Ubuntu defaults are tuned for general-purpose hosts, not for VMs that run dense container workloads. Based on eight sources including Kubernetes official docs, kernel documentation. Four independent technical guides, a focused set of sysctl and PAM changes measurably improves container networking reliability, file descriptor capacity, conntrack headroom, PID space, and memory behavior. The highest-impact additions to a baseline config are vm.max_map_count, net.netfilter.nf_conntrack_max, net.ipv4.ip_local_port_range, vm.swappiness, kernel.pid_max, and net.ipv4.tcp_fin_timeout. These recommendations are source-backed and avoid unnecessary or risky tuning.

Key findings

vm.max_map_count (262144): Default 65530 is too low for Elasticsearch, databases, and JVM/Go mmap-heavy workloads in containers. Every container-tuning source flags this. (Sources: Binadit, Kawin, kernel docs)
net.netfilter.nf_conntrack_max (1048576): The most common production failure in K8s clusters under load. Container NAT fills the default ~65K conntrack table silently; when exhausted, new connections are dropped with nf_conntrack: table full. (Sources: Goel Academy, Kawin, SumGuy)
net.ipv4.ip_local_port_range (1024 65535): Widens ephemeral port range to prevent port exhaustion on high-outbound-connection container hosts. The default ~28K port range is insufficient. (Sources: Goel Academy, Binadit, Kawin, SumGuy)
vm.swappiness (10): Default 60 swaps too eagerly. Near-universal server recommendation to favor keeping application pages in RAM. (Sources: all eight)
kernel.pid_max (4194304): Default 32768 is too low for dense container hosts. Host tracks container PIDs even with PID namespaces. (Sources: Binadit, Kawin)
TCP keepalive tuning: Default 2-hour idle timeout means dead connections live far too long.
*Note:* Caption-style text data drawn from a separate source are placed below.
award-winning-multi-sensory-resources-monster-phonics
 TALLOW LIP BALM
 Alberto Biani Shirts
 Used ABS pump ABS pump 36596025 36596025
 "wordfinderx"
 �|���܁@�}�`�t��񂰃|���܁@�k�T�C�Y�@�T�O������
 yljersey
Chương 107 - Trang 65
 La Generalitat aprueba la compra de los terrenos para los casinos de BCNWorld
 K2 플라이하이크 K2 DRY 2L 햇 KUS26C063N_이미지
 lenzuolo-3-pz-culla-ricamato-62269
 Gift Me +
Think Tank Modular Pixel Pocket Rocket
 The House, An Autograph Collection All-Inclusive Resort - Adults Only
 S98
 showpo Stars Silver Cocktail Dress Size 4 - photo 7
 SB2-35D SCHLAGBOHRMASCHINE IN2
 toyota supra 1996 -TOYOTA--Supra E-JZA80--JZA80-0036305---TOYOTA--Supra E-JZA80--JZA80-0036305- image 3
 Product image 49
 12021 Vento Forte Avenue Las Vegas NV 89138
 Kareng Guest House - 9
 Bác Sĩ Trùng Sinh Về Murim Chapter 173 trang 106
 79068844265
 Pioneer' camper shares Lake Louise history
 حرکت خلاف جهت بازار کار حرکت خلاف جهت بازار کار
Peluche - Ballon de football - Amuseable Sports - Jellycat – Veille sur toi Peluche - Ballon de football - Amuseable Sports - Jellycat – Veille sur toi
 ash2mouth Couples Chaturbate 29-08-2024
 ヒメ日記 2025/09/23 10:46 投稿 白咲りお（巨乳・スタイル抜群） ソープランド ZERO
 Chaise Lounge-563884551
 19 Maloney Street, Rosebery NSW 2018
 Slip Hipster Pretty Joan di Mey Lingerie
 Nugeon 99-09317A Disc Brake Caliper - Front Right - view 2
Reducing tcp_keepalive_time to 600 with faster probes detects dead connections in ~30s instead of ~11min. (Sources: Goel Academy, Binadit, Kawin, K8s safe-sysctl list)
net.ipv6.conf.default.* siblings: Setting only all.* leaves future interfaces at distribution defaults. Setting default.* ensures inherited policy. (Source: Kawin, Scaleway docs)

Background

Linux distributions ship with conservative kernel defaults designed for general-purpose desktop and server workloads circa the early 2000s. The sysctl interface (/proc/sys/) exposes tunable kernel parameters that can be adjusted at runtime without a reboot. Persistent settings live in /etc/sysctl.d/*.conf.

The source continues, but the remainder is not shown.